ABSTRACT

The oldest Shinto cosmology presents merely a particular form of the ordinary tripartite division of the visible universe into the upper world of the firmament where the gods and goddesses dwell and where they settle their affairs in tribal council under the authority of the great deities of the upper sky, the middle world of men on the surface of the earth, and the lower world of darkness where live evil and violent spirits ruled over by the great earth mother. The lower world is called Yomo-tsu-Kuni or Yomi-no-Kuni, with a probable meaning of " The Night Land." The domain of living men is Utsushi-yo, " The Manifest World." The upper world of everlasting felicity is called Takama-gaHara, meaning " The Plain of the High Sky." It is, first of all, the visible heavens where reside the mysterious powers that make the winds to rush and roar, the storm clouds to gather, the thunders to roll and the lightning to flash, wherein are bodied forth the great spirits of the sun and moon and over-arching sky.
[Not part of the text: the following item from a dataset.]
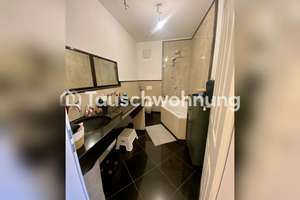 Tauschwohnung: Tausche Wohnung in Köln Süd – Die vollständige Adresse der Immobilie erhältst du vom Anbieter., 50968 Bayenthal, Köln – Vorschaubild 7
The story of how divine beings were sent down from this world in the sky and of how they created the islands of the Japanese archipelago and gave it life in gods and goddesses and all other living things of nature, including man, and of how from these came the primitive society and the state, will be taken up for detailed examination later in connection with the study of the use that is made of the early Shinto world-view in the modern educational system.